Muldoon's Tea Rooms, beloved for the cozy atmosphere and luscious desserts, has started looking a bit outdated-and the same could be said about the proprietors, Penny and Daniel Stanley.


After seventeen years, their marriage has started to fade and wear a little thin, even as their old shop bustles with the energy of the customers who seek refuge from their particular dilemmas: Housewife Sadie Smith comes to escape her diet and her husband's stick-thin mistress. Struggling artist Brenda Brown sits and pens love letters to the actor Nicolas Cage. And Clare Fitzgerald returns after twenty years abroad to search for a long-lost someone.

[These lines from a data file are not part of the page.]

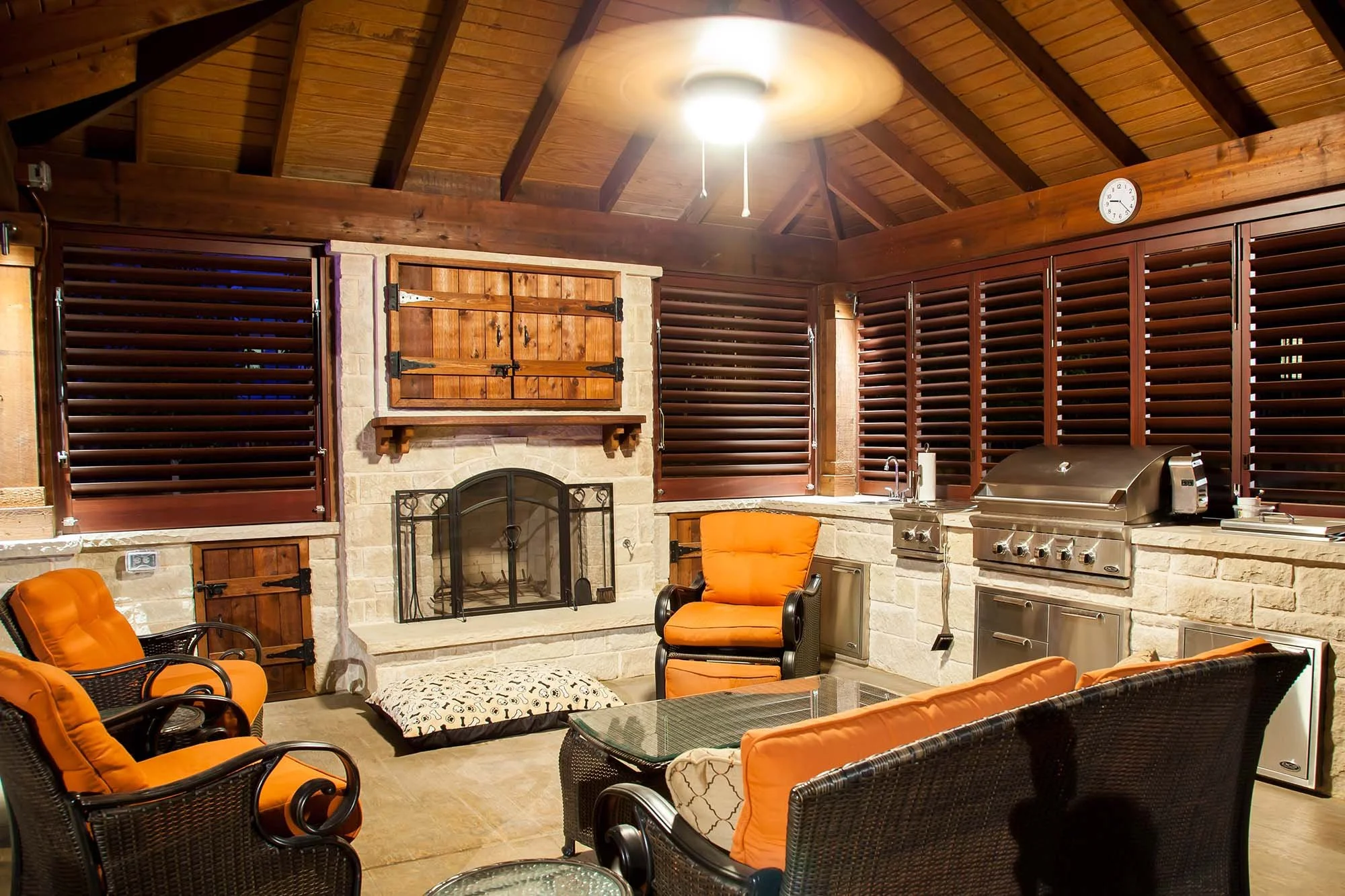 Luxury Pool &amp; Outdoor Living Features to Consider for Your Houston Backyard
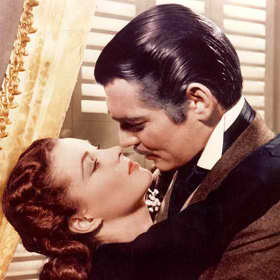 Klasika všech klasik! Kdyby existovala učebnice polibků, Clark Gable a Vivienne Leigh by definitivně zasloužili první kapitolu. Klasika všech klasik! Kdyby existovala učebnice polibků, Clark Gable a Vivienne Leigh by definitivně zasloužili první kapitolu.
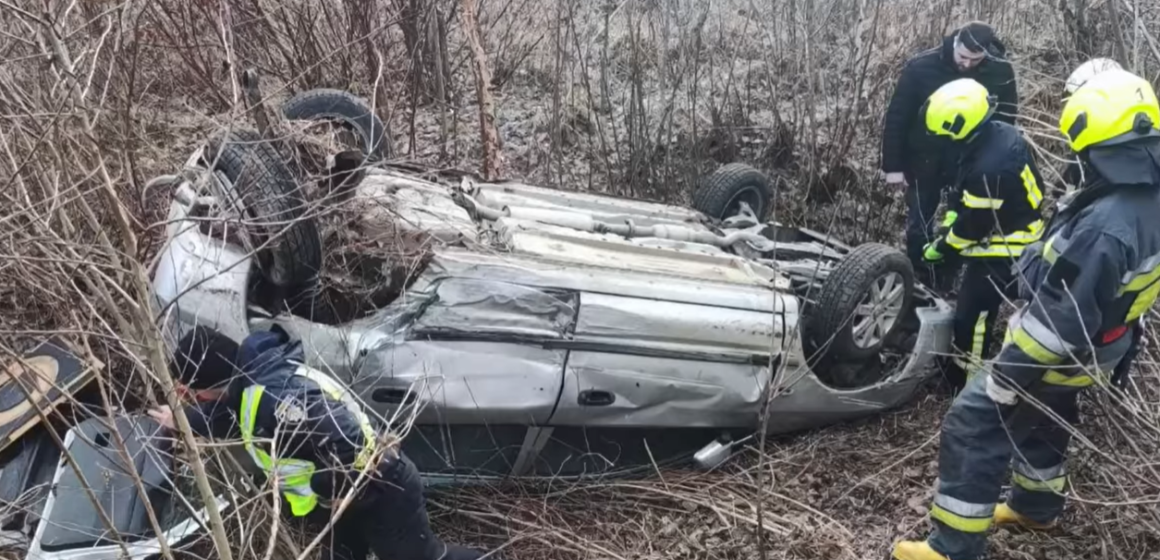 ДТП в Івано-Франківській громаді: постраждалого з автівки деблокували рятувальники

Behind the cherry cheesecakes, vanilla ice creams, and chocolate cappuccinos are the stirrings of a revolution that will define lives, heal troubled hearts, and rock the very foundation of the humble teahouse. And through it all, Penny and Daniel manage to discover what truly matters in life and love. Rich with wit, bursting with charm, The Tea House On Mulberry Street is a vibrant debut of tenderness, imagination-and delicious pastries.


Editorial Reviews

Kirkus Reviews

Owens made bestsellerdom in Ireland with this debut that intertwines the stories of the various customers of a small Belfast restaurant/cafe. Daniel and Penny Stanley run Muldoon's, which had belonged to Penny's parents. A cast of regular-and occasional-patrons frequent Muldoon's for breakfast, lunch, and baked specialties, in particular the cherry cheesecake (recipe included). Brenda Brown, an eccentric young artist whose flat is next door to the restaurant, writes fan letters to Nicholas Cage and paints art that doesn't sell. Bookstore owner Henry Blackstock, partial to Muldoon's breakfasts, allows his wife to destroy his beloved garden so she can build a conservatory for her literary club. Ample Sadie Smith, who breaks her frequent diets at Muldoon's, suspects that her husband, the builder of the Blackstock conservatory, is cheating on her while she tirelessly cares for his aging parents. Clare Fitzgerald, a publishing executive in New York who lived in Brenda's flat as a student, met the love of her life at Muldoon's, lost contact through a freak accident (shades of An Affair to Remember) and has returned to search for him. At the center, Daniel and Penny are in a marital crisis that threatens the future of both their marriage and their restaurant. Miserly Daniel refuses to have children and cares only about the business. Penny, emotionally exhausted, begins an affair with a customer, a real-estate agent who inadvertently drops a bombshell about Daniel's past. Meanwhile, Henry falls in love with the recently divorced florist across the street; Sadie catches her swinish husband in bed with his skinny mistress, who used to be Brenda's boss; Clare buys a painting from Brenda, whose flatthen burns up in a fire that also destroys Muldoon's; and Daniel saves Penny and realizes that, although he married her for the restaurant, he does love her . . . . A sugar-and-spice toy for Maeve Binchy fans. First printing of 100,000

Product Details

BN ID: 2940169164244
Publisher: Listen & Live Audio, Inc.
Publication date: 04/11/2025
Edition description: Unabridged

Read an Excerpt

The Tea House on Mulberry Street


By Sharon Owens

Putnam Adult

ISBN: 0-399-15265-2


Chapter One

Daniel Stanley came hurrying down the stairs from the first-floor flat, and flicked on the lights in the tea house. The room was cold, and he shivered as he crossed the floor of the shop, and pulled open the blinds. The sky was still dark.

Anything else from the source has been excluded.